• **Assigned task**
Reproduce word for word the lines between those holding "Toyota RAV4 2.5 AT, 2021, 53 000 км" and "Продавам джанти с", inclusive, and nothing else from the data below.

• **Data provided**
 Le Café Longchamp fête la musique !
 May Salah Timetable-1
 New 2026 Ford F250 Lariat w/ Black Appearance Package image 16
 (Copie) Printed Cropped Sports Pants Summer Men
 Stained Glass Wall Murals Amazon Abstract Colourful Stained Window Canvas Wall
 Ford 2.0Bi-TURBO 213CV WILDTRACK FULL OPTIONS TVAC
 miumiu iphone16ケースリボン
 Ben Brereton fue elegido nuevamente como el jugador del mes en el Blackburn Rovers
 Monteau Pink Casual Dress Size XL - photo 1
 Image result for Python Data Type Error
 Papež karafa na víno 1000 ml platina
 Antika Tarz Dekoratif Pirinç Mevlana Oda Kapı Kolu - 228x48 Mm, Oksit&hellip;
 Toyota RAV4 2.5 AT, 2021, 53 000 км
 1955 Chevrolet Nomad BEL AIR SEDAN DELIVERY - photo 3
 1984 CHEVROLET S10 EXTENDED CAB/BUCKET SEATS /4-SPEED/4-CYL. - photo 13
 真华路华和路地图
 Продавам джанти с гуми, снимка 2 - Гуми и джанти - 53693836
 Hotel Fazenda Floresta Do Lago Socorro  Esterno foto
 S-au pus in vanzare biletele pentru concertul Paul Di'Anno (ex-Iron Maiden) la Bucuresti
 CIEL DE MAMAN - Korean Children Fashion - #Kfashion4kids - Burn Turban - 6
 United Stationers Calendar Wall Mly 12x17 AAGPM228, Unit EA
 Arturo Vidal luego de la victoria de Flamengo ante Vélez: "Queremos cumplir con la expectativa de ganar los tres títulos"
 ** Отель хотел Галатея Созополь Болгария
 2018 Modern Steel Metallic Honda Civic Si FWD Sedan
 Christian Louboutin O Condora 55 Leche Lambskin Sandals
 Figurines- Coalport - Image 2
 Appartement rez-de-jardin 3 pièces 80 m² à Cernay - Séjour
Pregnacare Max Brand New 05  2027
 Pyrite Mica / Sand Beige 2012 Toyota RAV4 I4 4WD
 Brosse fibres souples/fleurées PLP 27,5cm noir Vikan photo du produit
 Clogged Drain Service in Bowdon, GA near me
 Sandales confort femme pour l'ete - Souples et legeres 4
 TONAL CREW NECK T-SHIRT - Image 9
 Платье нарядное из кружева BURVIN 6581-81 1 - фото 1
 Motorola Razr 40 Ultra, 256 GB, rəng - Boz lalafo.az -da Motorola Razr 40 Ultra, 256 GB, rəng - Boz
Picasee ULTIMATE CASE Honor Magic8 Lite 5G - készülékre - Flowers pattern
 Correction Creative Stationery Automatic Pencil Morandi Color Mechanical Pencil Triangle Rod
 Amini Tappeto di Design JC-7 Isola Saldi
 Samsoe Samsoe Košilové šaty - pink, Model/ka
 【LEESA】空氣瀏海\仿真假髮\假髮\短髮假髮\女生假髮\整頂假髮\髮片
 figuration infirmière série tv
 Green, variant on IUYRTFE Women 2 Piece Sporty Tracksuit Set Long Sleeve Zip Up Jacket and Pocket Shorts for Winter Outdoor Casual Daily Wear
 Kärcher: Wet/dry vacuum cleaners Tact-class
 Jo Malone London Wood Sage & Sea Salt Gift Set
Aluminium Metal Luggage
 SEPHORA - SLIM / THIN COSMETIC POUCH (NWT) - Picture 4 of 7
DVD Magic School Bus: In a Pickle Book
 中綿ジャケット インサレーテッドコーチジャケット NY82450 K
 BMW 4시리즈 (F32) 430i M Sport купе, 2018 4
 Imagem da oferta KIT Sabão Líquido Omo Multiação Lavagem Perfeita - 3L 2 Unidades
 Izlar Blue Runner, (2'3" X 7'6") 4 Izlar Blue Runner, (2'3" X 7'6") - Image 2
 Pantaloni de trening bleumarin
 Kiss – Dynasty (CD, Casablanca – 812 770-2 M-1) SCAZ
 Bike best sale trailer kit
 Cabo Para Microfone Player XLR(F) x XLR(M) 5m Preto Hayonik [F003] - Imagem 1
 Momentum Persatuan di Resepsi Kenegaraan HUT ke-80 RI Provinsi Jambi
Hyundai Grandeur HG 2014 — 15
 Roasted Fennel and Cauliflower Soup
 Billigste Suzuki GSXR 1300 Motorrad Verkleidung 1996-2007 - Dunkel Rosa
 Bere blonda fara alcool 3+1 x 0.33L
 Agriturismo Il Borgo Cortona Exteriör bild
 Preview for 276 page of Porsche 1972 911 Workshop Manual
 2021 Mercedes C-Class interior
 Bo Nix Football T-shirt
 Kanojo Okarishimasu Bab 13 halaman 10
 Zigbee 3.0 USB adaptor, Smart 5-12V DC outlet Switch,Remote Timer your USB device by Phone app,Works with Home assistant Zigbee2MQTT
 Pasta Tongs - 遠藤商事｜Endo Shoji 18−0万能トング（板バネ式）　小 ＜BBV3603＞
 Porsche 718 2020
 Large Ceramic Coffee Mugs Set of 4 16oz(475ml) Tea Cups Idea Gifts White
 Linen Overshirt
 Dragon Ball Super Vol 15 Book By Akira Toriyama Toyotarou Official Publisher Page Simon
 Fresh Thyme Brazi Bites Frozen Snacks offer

• **Task solution**
 Toyota RAV4 2.5 AT, 2021, 53 000 км
 1955 Chevrolet Nomad BEL AIR SEDAN DELIVERY - photo 3
 1984 CHEVROLET S10 EXTENDED CAB/BUCKET SEATS /4-SPEED/4-CYL. - photo 13
 真华路华和路地图
 Продавам джанти с гуми, снимка 2 - Гуми и джанти - 53693836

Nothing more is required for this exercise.